Information provided >>
>>>

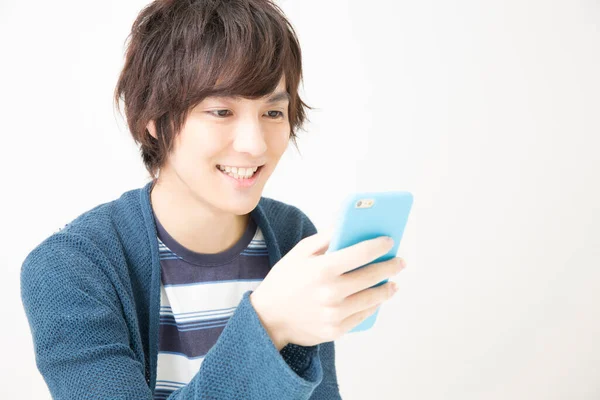 Japans Man Met Behulp Van Mobiele Telefoon Witte Achtergrond — Stockfoto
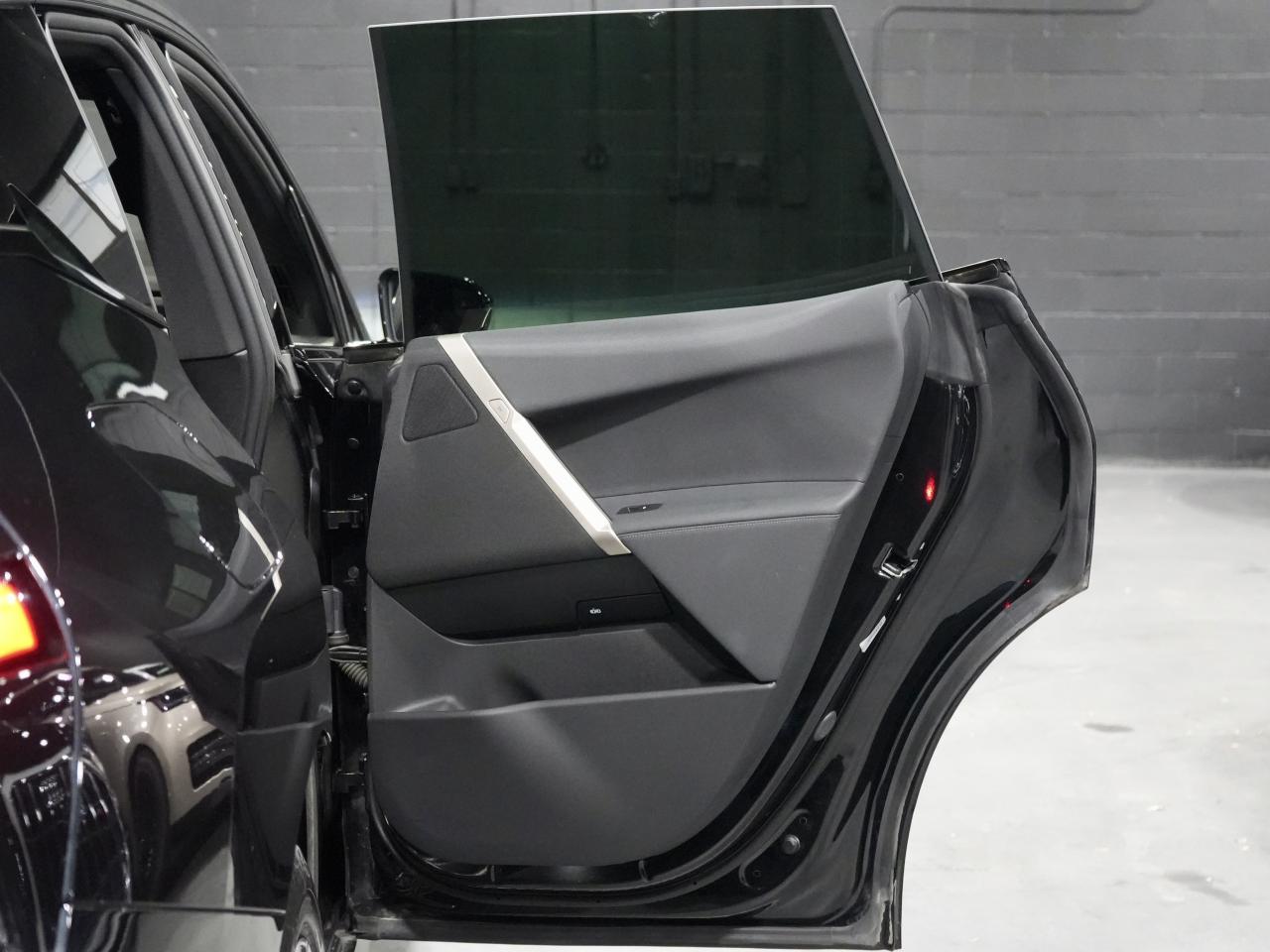 2023 BMW iX xDrive40/PANO/HUD/DRIVE ASSIST/NO ACCIDENTS Photo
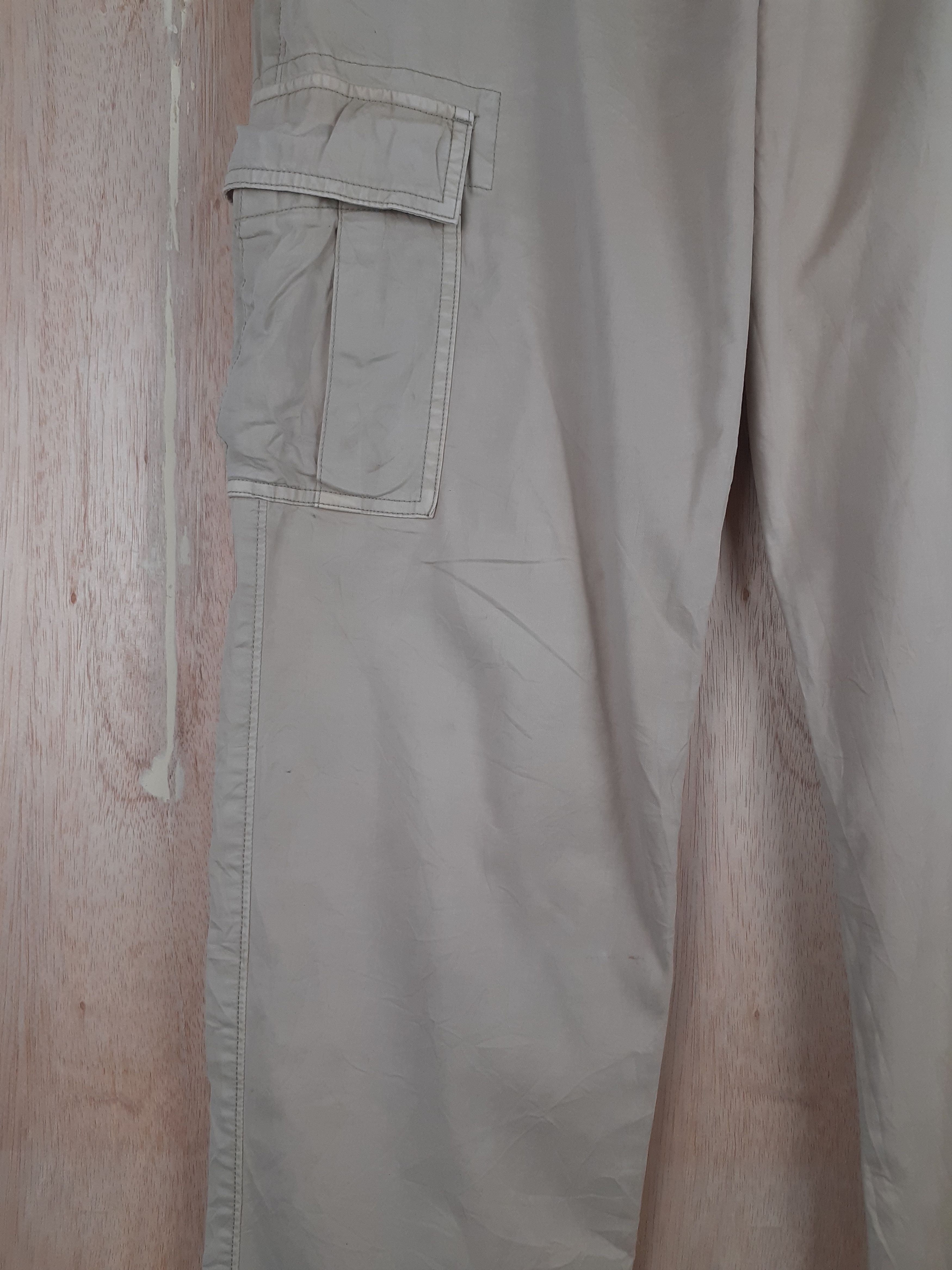 Japanese Brand × Uniqlo Uniqlo light brown multipocket tactical cargo pant #S245 Size US 31 - 7 Thumbnail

<<<

What is required >>
Pictures do not go in the copy. Write out exactly the lines from the line containing "2023 BMW iX" through the last line of the listing.

Answer below >>
 2023 BMW iX xDrive40/PANO/HUD/DRIVE ASSIST/NO ACCIDENTS Photo
 Japanese Brand × Uniqlo Uniqlo light brown multipocket tactical cargo pant #S245 Size US 31 - 7 Thumbnail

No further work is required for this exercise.